Source: https://openjurist.org/415/us/724
Timestamp: 2019-04-24 07:54:34+00:00

Document:
Edmund G. BROWN, Jr., et al. Laurence H. FROMMHAGEN, Appellant, v. Edmund G. BROWN, Jr., et al.
Rehearing Denied May 28, 1974.
1. Section 6830(d) (Supp.1974) is not unconstitutional, and appellants Storer and Frommhagen (who were affiliated with a qualified party no more than six months before the primary) were properly barred from the ballot as a result of its application. Pp. 728—737.
(a) The provision reflects a general state policy aimed at maintaining the integrity of the various routes to the ballot, and involves no discrimination against independents. Though an independent candidate must be clear of party affiliations for a year before the primary, a party candidate under § 6490 (Supp.1974) of the Code must not have been registered with another party for a year before he files his declaration, which must be done not less than 83 days and not more than 113 days prior to the primary. Pp. 733—734.
(b) The provision protects the direct primary process, which is an integral part of the entire election process by refusing to recognize independent candidates who do not make early plans to leave a party and take the alternative course to the ballot; works against independent candidacies prompted by short-range political goals, pique or personal quarrel; is a substantial barrier to a party fielding an 'independent' candidate to capture and bleed off votes in the general election that might well go to another party; and thus furthers the State's compelling interest in the stability of its political system, outweighing the interest the candidate and his supporters may have in making a late rather than an early decision to seek independent ballot status. Pp. 734—735.
2. Further proceedings should be had in the District Court to permit additional findings concerning the extent of the burden imposed on independent candidates for President and Vice President under California law, particularly with respect to whether § 6831 (1961) and § 6833 (Supp.1974) place an unconstitutional restriction on access by appellants Hall and Tyner to the ballot.

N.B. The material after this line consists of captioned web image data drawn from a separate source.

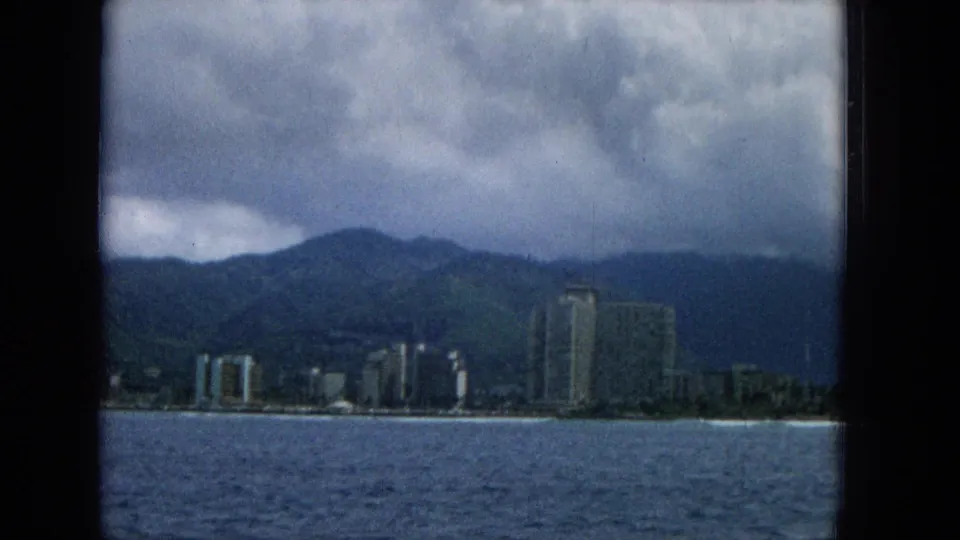 1965 Hawaii home-movie frame showing ocean water in the foreground, a shoreline with tall buildings, green mountains, and dense clouds overhead.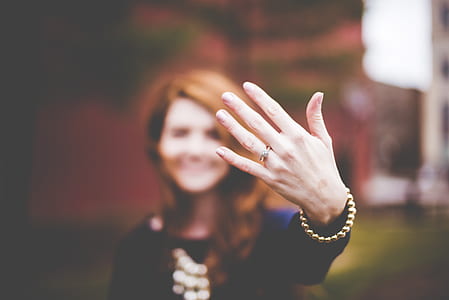 person in black showing her hand with ring thumbnail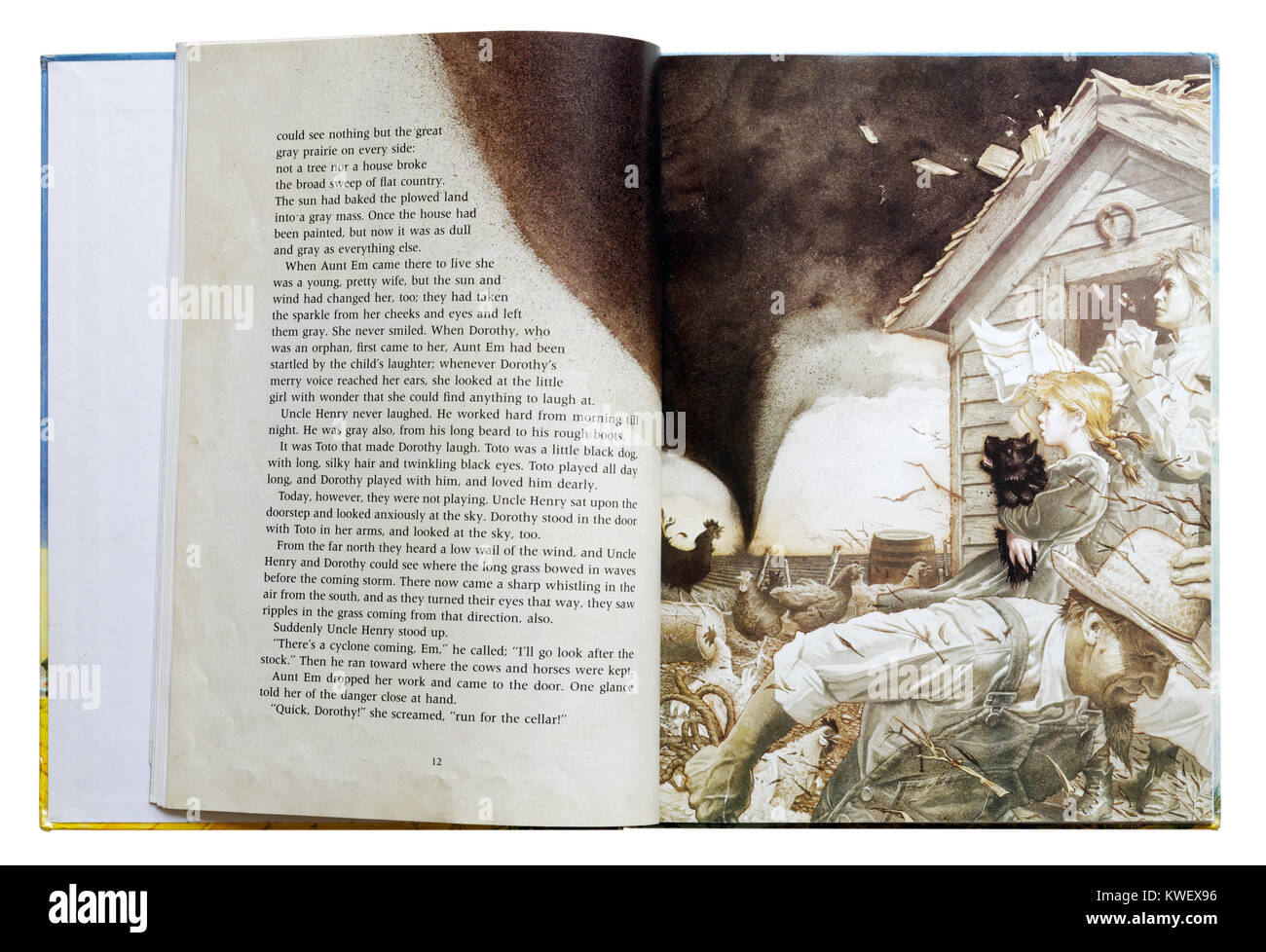 The house being picked up in the tornado in an Illustrated book of The Wizard of Oz Stock Photo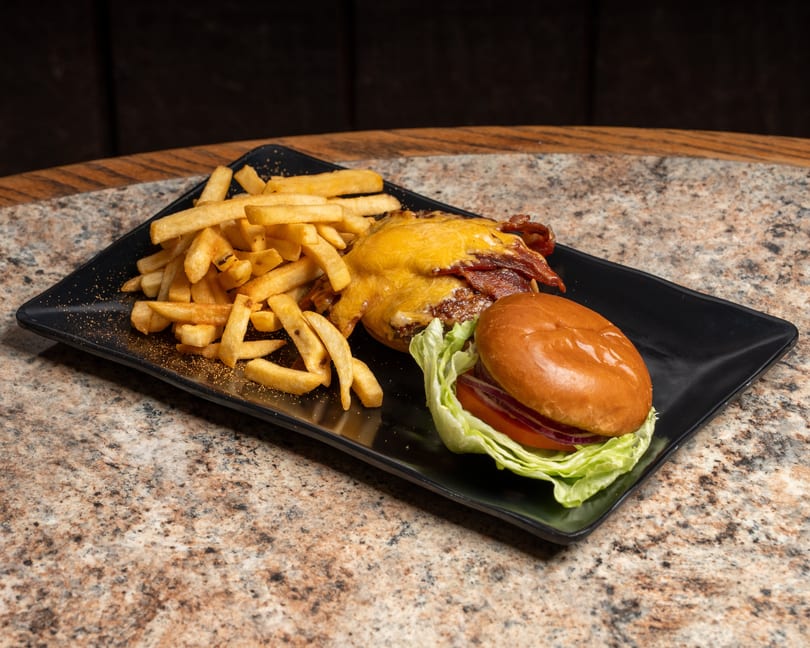 Cheesy bacon burger with lettuce, tomato, and red onion, served with seasoned fries on a black plate.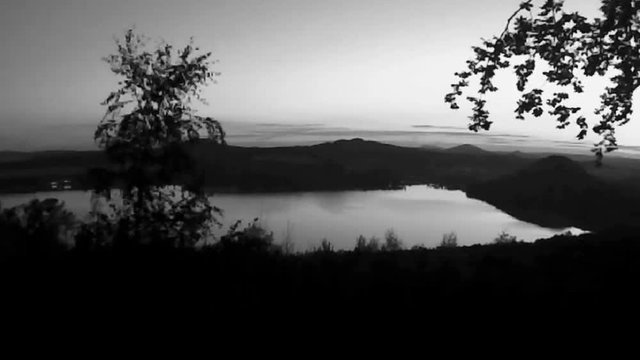 Machovo jezero lake seen from Borny hill forest in Macha's land during summer holidays in czech republic after sunset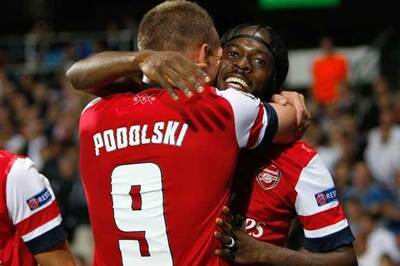 Podolski, Gervinho score as Arsenal win
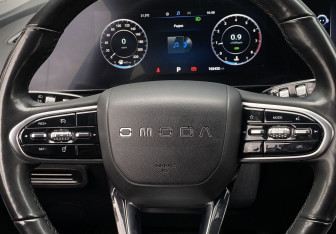 Подержанный автомобиль Omoda C5 2023 года (14 фото)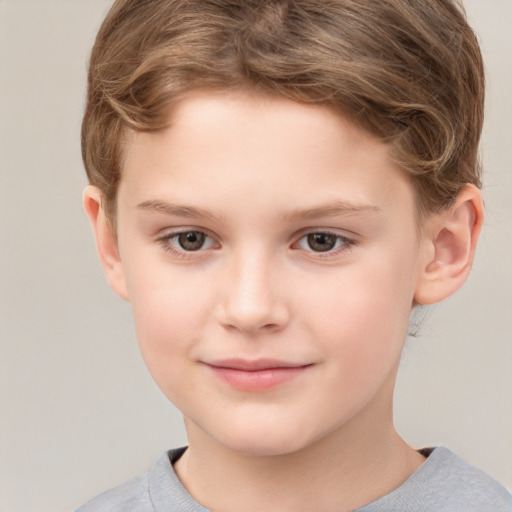 Joyful white child male with short  brown hair and brown eyes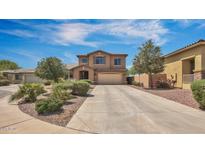 Charming two-story home with neutral stucco, landscaped front yard, and a spacious driveway leading to an attached two-car garage at 41763 W Mano Pl, Maricopa, AZ 85138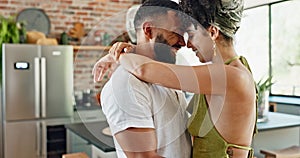 Man, woman and hug for dancing in kitchen with bonding, connection and love with laugh in morning at house. Dancer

Pp. 738—746.
(a) It should be determined whether the available pool of possible signers of the nominating papers is so diminished by the disqualification of those who voted in the primary that the 5% provision, which as applied here apparently imposes a 325,000-signature requirement, to be satisfied in 24 days, is unduly onerous. Pp. 739—740.

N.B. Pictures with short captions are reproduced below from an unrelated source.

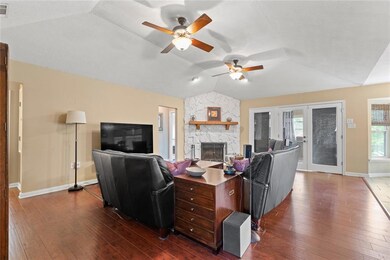 Living Room w Stone Fireplace - gas and wood-burni
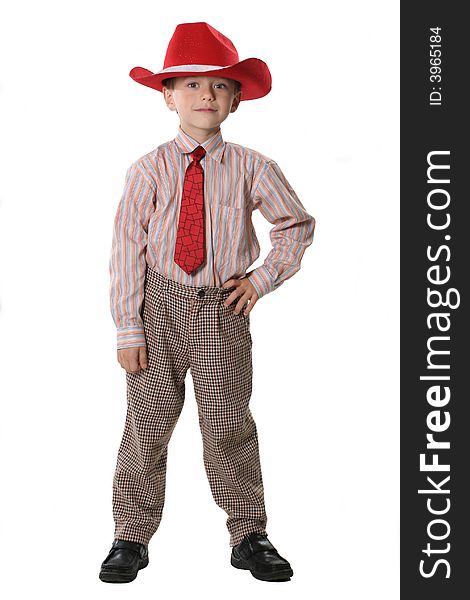 The cheerful boy in a cowboy's hat and a tie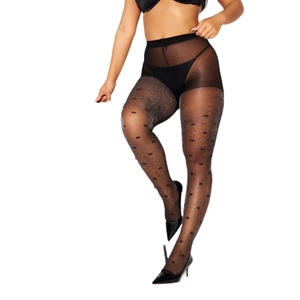 Detail of sheer black polka dot tights with silver glitter and black high heels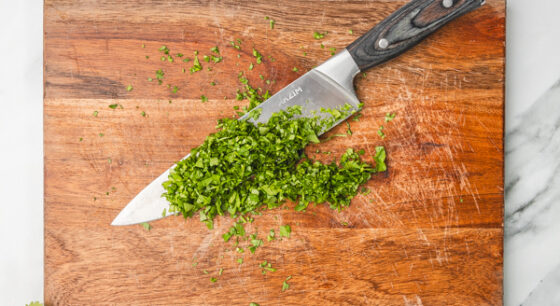 chopped herbs on a knife on a chopping board.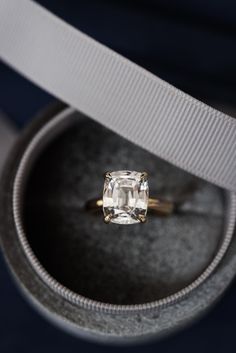 an engagement ring in a box with a white ribbon around it and a cushion cut diamond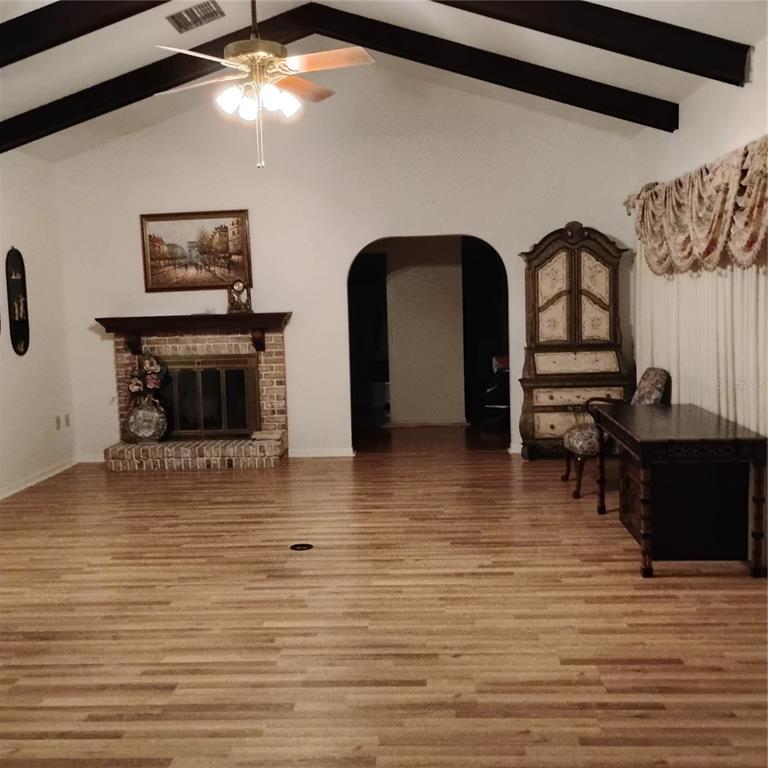 A living room features a brick fireplace, vaulted ceiling with exposed beams, and wood flooring — 8943 SILVER LAKE DRIVE, LEESBURG, FL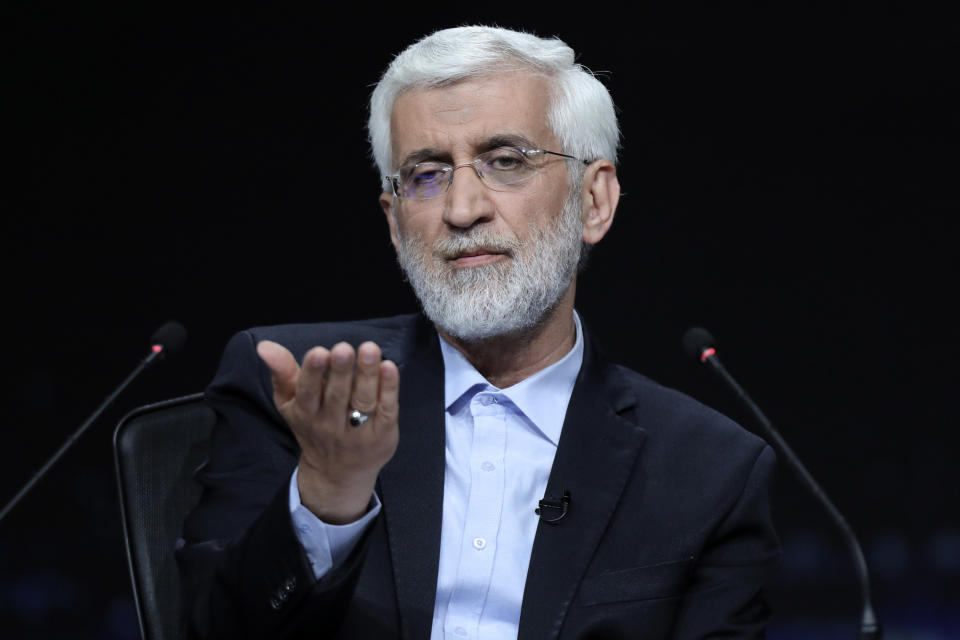 In this photo made available by Iranian state-run TV, IRIB, Iranian presidential candidate Saeed Jalili, a hard-line former nuclear negotiator, speaks during a debate with reformist candidate Masoud Pezeshkian at the TV studio in Tehran, Iran, Monday, July 1, 2024. (Morteza Fakhri Nezhad/IRIB via AP)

(b) While the District Court apparently took the view that California law disqualified anyone who voted in the primary from signing an independent's petition, whether or not the vote was confined to nonpartisan matters, it would be difficult on the record before this Court to ascertain any rational ground, let alone a compelling interest, for disqualifying nonpartisan primary voters. Pp. 741—742.

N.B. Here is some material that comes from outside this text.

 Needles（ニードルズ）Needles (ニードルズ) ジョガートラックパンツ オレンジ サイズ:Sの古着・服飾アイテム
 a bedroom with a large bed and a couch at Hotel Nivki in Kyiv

(c) Once the District Court ascertains the number of signatures required in the 24-day period, along with the total pool from which they may be drawn, the court then, in determining whether in the context of California politics a reasonably diligent independent candidate could be expected to satisfy the signature requirements or will only rarely succeed in securing ballot placement, should consider not only past experience, but also the relationship between the showing of support through a petition requirement and the percentage of the vote the State can reasonably expect of a candidate who achieves ballot status in the general election. Pp. 742—746.
The California Elections Code forbids ballot position to an independent candidate for elective public office if he voted in the immediately preceding primary, § 6830(c) (Supp.1974),1 or if he had a registered affiliation with a qualified political party at any time within one year prior to the immediately preceding primary election. § 6830(d) (Supp.1974). The independent candidate must also file nomination papers signed by voters not less in number than 5% nor more than 6% of the entire vote cast in the preceding general election in the area for which the candidate seeks to run. § 6831 (1961). All of these signatures must be obtained during a 24-day period following the primary and ending 60 days prior to the general election, § 6833 (Supp.1974), and none of the signatures may be gathered from persons who vote at the primary election. § 6830(c) (Supp.1974). The constitutionality of these provisions is challenged here as infringing on rights guaranteed by the First and Fourteenth Amendments and as adding qualifications for the office of United States Congressman, contrary to Art. I, § 2, cl. 2, of the Constitution.
Prior to the 1972 elections, appellants Storer, Frommhagen, Hall, and Tyner, along with certain of their supporters, filed their actions2 to have the above sections of the Elections Code declared unconstitutional and their enforcement enjoined. Storer and Frommhagen each sought ballot status as an independent candidate for Congressman for his district.3 Both complained about the party disaffiliation requirement of § 6830(d) (Supp.1974) and asserted that the combined effects of the provisions were unconstitutional burdens on their First and Fourteenth Amendment rights. Hall and Tyner claimed the right to ballot position as independent candidates for President and Vice President of the United States. They were members of the Communist Party but that party had not qualified for ballot position in California. They, too, complained of the combined effect of the indicated sections of the Election Code on their ability to achieve ballot position.
'There is surely an important state interest in requiring some preliminary showing of a significant modicum of support before printing the name of a political organization's candidate on the ballot—the interest, if no other, in avoiding confusion, deception, and even frustration of the democratic process at the general election.' Id., at 442, 91 S.Ct., at 1976.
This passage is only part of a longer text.